Wildly did the Strong Man pile rock upon rock. He builded him a tower that was the father of all towers. It made the mountains to appear to be babes. Upon the summit of it he swung his great club and flourished his knife.

The little men in the valley far below beheld a great storm, and at the end of it they said: "Look, the moon is dead." The cry went to and fro on the earth: "The moon is dead!"

The Strong Man went to the home of the moon. She, the sought one, lay upon a cloud, and her little foot dangled over the side of it. The Strong Man took this little foot in his two hands and kissed it. "Ah, beloved!" he moaned, "I would rather this little foot was upon my dead neck than that moon should ever have the privilege of seeing it."

She leaned over the edge of the cloud and gazed at him. "How dusty you are. Why do you puff so? Veritably, you are an ordinary person. Why did I ever find you interesting?"
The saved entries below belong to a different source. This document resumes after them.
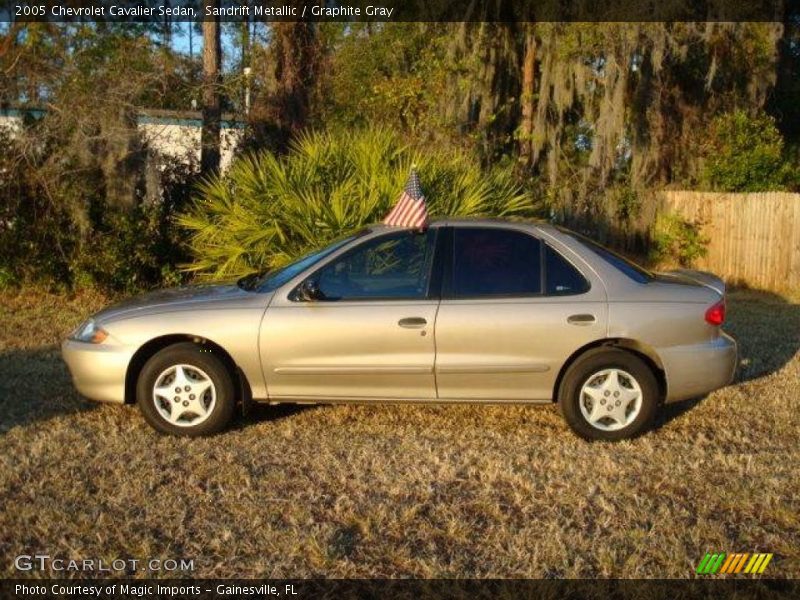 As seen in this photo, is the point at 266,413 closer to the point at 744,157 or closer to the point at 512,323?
the point at 512,323

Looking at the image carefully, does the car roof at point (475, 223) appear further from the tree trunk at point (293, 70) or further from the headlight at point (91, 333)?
the tree trunk at point (293, 70)

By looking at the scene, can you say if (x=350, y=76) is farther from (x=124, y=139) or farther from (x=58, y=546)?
(x=58, y=546)

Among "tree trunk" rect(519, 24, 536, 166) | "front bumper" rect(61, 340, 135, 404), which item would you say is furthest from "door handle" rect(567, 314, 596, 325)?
"tree trunk" rect(519, 24, 536, 166)

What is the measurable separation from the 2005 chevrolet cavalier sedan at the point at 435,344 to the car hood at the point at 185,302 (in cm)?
2

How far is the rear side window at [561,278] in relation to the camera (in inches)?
249

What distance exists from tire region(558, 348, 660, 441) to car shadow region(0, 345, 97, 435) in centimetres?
356

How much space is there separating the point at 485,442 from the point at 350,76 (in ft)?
59.8

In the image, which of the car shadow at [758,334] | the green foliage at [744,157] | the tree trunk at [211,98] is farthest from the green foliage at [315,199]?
the green foliage at [744,157]

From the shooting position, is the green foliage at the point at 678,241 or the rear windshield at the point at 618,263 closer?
the rear windshield at the point at 618,263

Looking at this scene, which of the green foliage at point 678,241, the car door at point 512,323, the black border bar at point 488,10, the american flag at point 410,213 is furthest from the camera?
the green foliage at point 678,241

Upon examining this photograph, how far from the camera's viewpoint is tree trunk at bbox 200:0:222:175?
1366cm

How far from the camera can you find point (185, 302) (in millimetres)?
6438

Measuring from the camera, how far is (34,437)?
243 inches

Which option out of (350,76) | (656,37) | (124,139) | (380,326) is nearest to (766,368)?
(380,326) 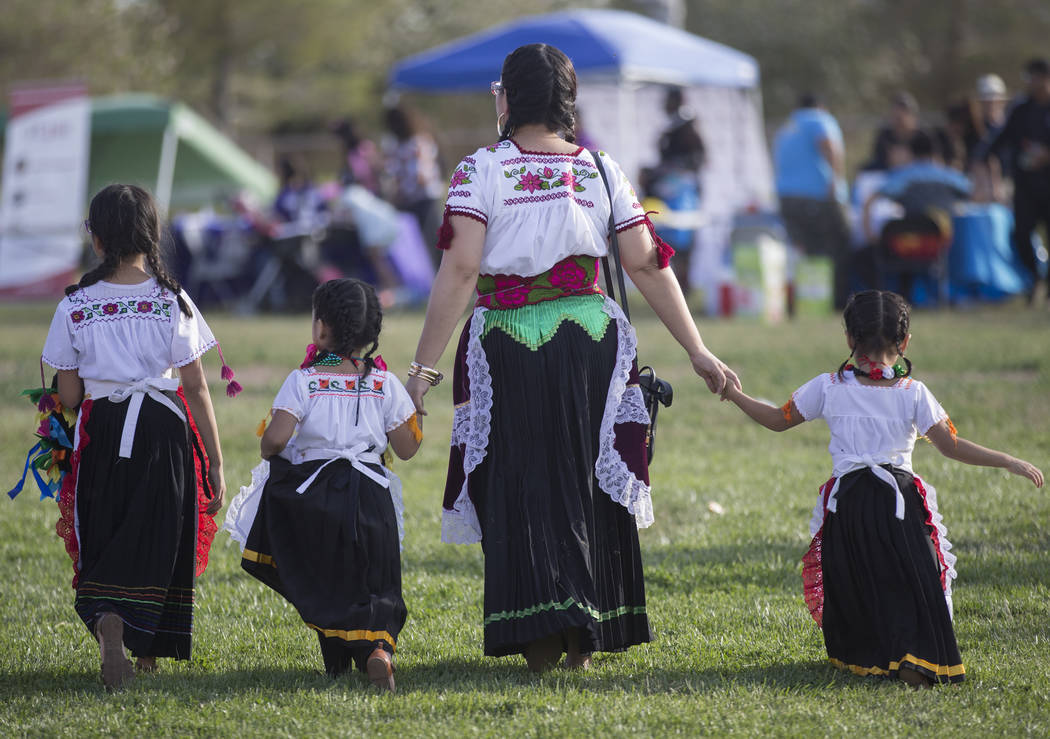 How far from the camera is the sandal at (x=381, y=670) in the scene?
11.8 feet

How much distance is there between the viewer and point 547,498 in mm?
3711

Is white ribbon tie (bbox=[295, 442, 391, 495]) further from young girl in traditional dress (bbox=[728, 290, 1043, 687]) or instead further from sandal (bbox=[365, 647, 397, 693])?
young girl in traditional dress (bbox=[728, 290, 1043, 687])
The Strong Man flung his knife into the air and turned back toward the earth. "If the young philosopher had been at my elbow," he reflected, bitterly, "I would doubtless have gone at the matter in another way. What does my strength avail me in this contest?"

The battered moon, limping homeward, replied to the Strong Man from the Hills: "Aye, surely. My weakness is in this thing as strong as your strength. I am victor with ugliness, my age, my stoutness, my laziness, my good-for-nothingness. Woman is woman. Men are equal in everything save good fortune. I envy you not."